The tort of causing breach of contract
- This approach finds expression not only in relation to the tort of negligence, but also in relation to other torts in which a breach of contract was caused. Thus, "the position of the case law is that when a manager acts within the framework of his authority and incidentally causes the company to breach a contract with a third party, as long as the manager's action was for the benefit of the company, his actions should be treated as the company's actions only. In order for the manager to be held liable for causing a breach of contract, it must be proven that the manager exceeded his authority, or acted contrary to the company's interest or an extraneous motive" (Goshen and Eckstein, at p. 203).
Thus, for example, it was held in the Shatil case, in paragraph 28:
Even if the appellants had proved that it was respondents 1-3 who caused the corporation to breach the contract with them, there is no argument in our case that respondents 1-3 or any of them exceeded their authority, or acted contrary to the benefit of the company or for any foreign motive. In this situation, they cannot be held liable for causing a breach of contract between the company and the appellants [emphasis added].
- Thus, even with respect to the tort of causing breach of contract, the law reflects a balance between the conflicting purposes in allowing a third party to sue the officer personally for this tort. The direct and obvious rivalry of the third party with respect to the tort is against the company itself. Insofar as he wishes to establish a direct rivalry with the officers, and to impose personal responsibility on them, he will have to establish the appropriate circumstances that can justify it, and allow him legal standing to direct his claims against them directly.
- And once we have been equipped with normative insights, we will turn to applying them to the case at hand.
Examining the case before us - preliminary components that will stand in the background of the analysis
- The time has come to examine the question of the personal liability of the directors and of Mr. Nehemiah, and whether there are circumstances that give them legal standing to sue and direct legal competition against them. But before we dive into the depth of the controversies on the agenda, I found it necessary to address some preliminary issues that will help in understanding and focusing on it.
ADN's agreement with Mr. Knepler reflected a deal under pressure, in which decisions had to be made very quickly
- The parties entered into an agreement against the background of ADN's control of the properties in France.

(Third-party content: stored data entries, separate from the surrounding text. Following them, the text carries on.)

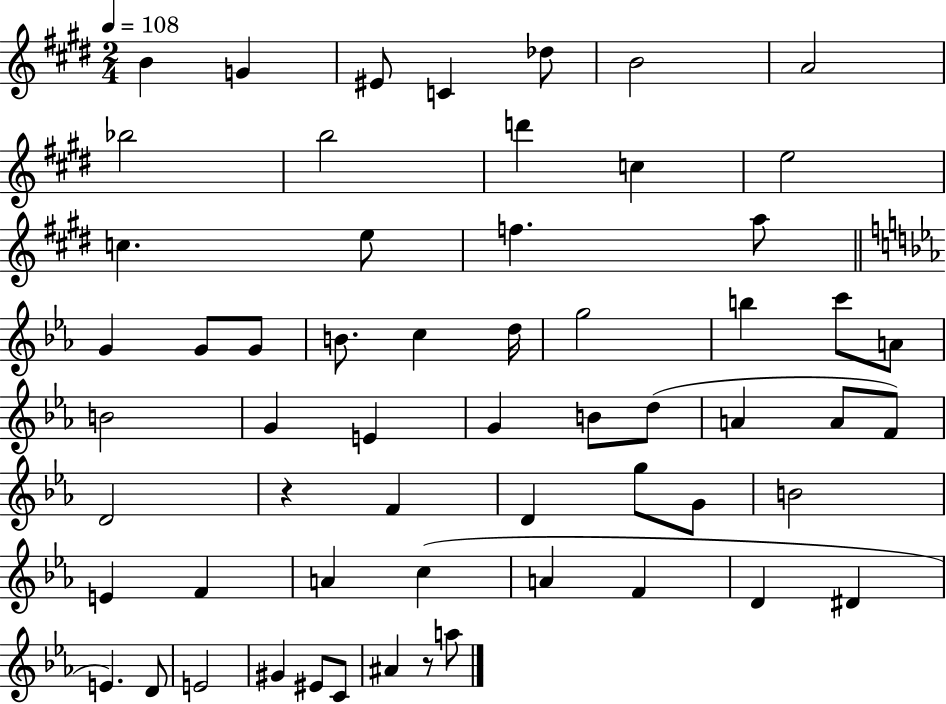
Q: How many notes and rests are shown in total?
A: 59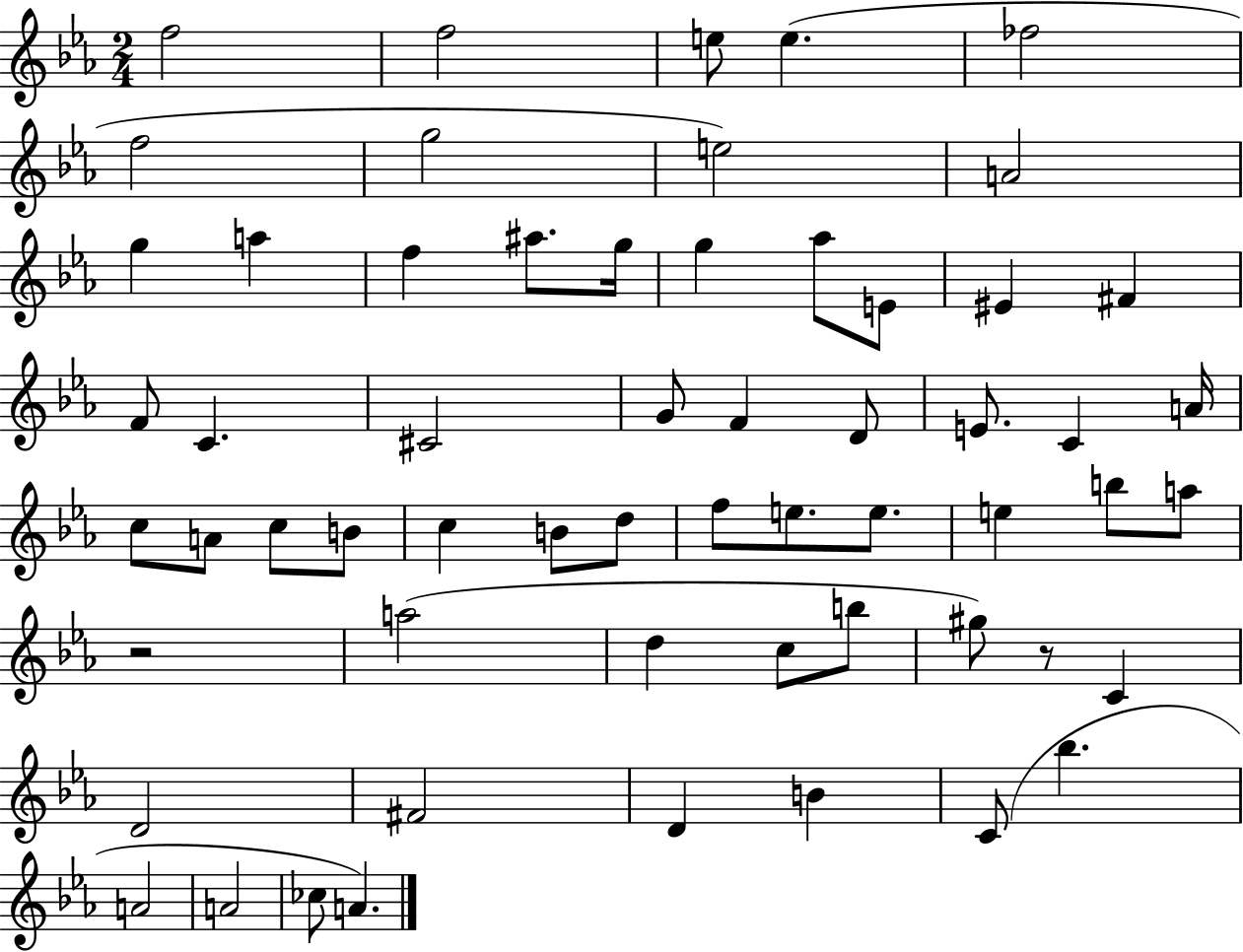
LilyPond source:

{
  \clef treble
  \numericTimeSignature
  \time 2/4
  \key ees \major
  \repeat volta 2 { f''2 | f''2 | e''8 e''4.( | fes''2 | \break f''2 | g''2 | e''2) | a'2 | \break g''4 a''4 | f''4 ais''8. g''16 | g''4 aes''8 e'8 | eis'4 fis'4 | \break f'8 c'4. | cis'2 | g'8 f'4 d'8 | e'8. c'4 a'16 | \break c''8 a'8 c''8 b'8 | c''4 b'8 d''8 | f''8 e''8. e''8. | e''4 b''8 a''8 | \break r2 | a''2( | d''4 c''8 b''8 | gis''8) r8 c'4 | \break d'2 | fis'2 | d'4 b'4 | c'8( bes''4. | \break a'2 | a'2 | ces''8 a'4.) | } \bar "|."
}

I accept the defendants' position that there was a transaction on the agenda that was formulated under conditions of pressure, and considerable pressure. The company's reports reflected a real danger to its future. Given the extent of its debts and the state of its liquid assets, it was clear that it was unable to repay its current obligations, and that it was approaching insolvency.

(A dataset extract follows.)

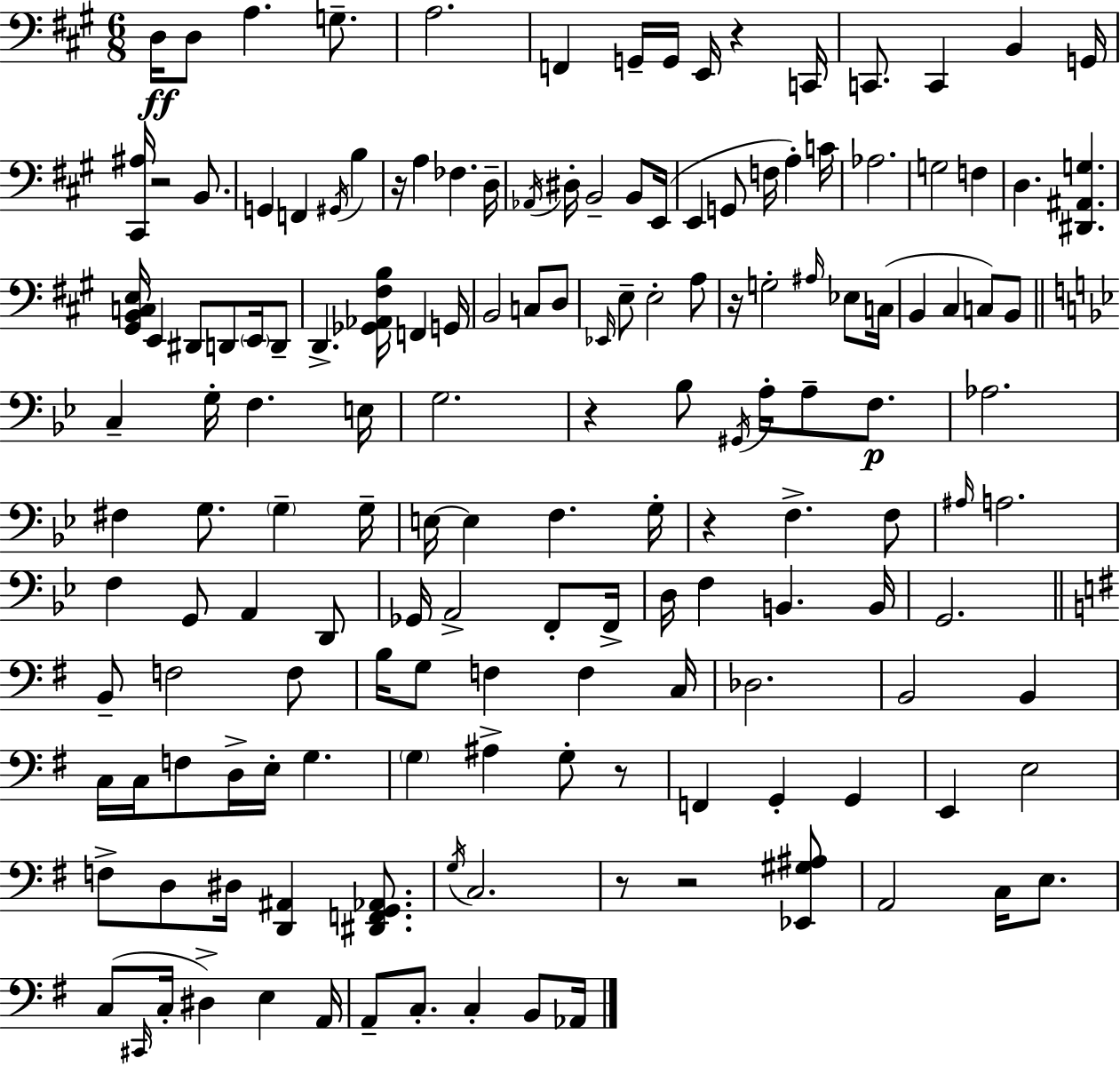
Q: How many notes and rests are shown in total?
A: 155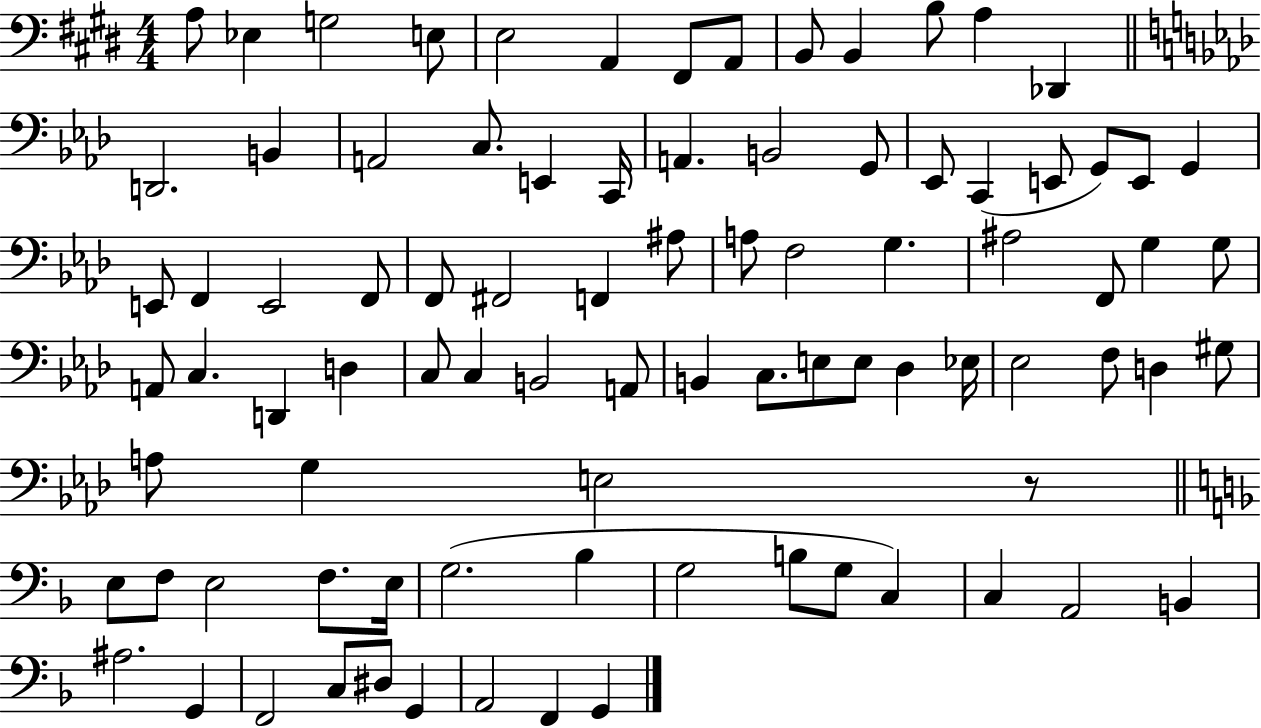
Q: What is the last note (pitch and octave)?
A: G2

Mr. Knepfler also testified that Adv. Pereg, who was one of those who presented him with the transaction, told him about "ADN's approach to insolvency by leaps and bounds" (paragraph 18 of his affidavit). When the transaction was first examined by the Tamir Fishman Foundation, Mr. Tal Levy noted on its behalf that since the company was in insolvency, collateral should be received in addition (P/1; at p. 5 of the minutes).
- And now, it was the company's dire financial situation that presented an opportunity. In a situation where a company with assets is desperate for liquid funds, it is possible for third parties to purchase some of its assets at relatively low prices, taking into account its financial situation.
In this regard, the testimony of Adv. Pereg, who described in his affidavit the background to the conclusion of the agreement between Mr. Knepler and the company, is reliable, because it is consistent with the relevant economic data, and with the reality of the matter as it stands.